*PROBLEM TO WORK ON*. Could you set down exactly the lines in the records below between the line holding "Sleeve Design with Aztec Calendar Elements" and the line holding "MUSSHOE Women’s Ballet", inclusive?

[Data extracted from a collection]
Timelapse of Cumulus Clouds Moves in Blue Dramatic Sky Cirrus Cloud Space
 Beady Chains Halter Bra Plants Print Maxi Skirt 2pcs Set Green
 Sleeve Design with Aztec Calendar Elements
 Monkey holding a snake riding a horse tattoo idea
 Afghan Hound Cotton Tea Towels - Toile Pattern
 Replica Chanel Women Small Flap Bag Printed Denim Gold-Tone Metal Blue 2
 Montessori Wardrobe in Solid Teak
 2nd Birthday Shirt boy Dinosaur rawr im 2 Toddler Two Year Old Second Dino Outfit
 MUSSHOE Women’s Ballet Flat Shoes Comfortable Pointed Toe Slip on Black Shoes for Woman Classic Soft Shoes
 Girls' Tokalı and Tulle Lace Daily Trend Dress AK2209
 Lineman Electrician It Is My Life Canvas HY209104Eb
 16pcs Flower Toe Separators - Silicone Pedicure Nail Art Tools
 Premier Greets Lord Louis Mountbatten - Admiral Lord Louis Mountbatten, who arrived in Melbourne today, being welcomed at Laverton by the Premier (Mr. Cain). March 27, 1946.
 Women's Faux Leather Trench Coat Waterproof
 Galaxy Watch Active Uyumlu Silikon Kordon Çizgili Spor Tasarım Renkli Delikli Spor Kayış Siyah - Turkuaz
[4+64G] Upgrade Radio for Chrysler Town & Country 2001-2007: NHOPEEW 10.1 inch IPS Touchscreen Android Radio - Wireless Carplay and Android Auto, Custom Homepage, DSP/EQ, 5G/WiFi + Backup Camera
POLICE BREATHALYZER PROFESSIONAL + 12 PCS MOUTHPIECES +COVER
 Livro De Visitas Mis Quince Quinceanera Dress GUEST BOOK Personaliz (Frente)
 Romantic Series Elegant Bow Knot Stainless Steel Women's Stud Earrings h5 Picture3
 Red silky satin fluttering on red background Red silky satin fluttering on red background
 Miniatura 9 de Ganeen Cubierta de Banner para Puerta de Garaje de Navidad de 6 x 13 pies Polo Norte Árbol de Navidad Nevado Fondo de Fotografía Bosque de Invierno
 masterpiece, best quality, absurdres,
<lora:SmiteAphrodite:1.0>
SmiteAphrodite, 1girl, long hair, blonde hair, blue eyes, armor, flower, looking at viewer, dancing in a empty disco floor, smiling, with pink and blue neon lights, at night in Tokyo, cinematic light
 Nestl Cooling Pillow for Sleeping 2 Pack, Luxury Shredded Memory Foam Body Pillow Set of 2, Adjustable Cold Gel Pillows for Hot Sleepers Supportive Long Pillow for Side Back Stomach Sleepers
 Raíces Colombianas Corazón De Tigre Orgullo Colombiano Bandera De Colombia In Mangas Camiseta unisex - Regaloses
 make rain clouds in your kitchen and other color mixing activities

*EXERCISE OUTPUT*.
 Sleeve Design with Aztec Calendar Elements
 Monkey holding a snake riding a horse tattoo idea
 Afghan Hound Cotton Tea Towels - Toile Pattern
 Replica Chanel Women Small Flap Bag Printed Denim Gold-Tone Metal Blue 2
 Montessori Wardrobe in Solid Teak
 2nd Birthday Shirt boy Dinosaur rawr im 2 Toddler Two Year Old Second Dino Outfit
 MUSSHOE Women’s Ballet Flat Shoes Comfortable Pointed Toe Slip on Black Shoes for Woman Classic Soft Shoes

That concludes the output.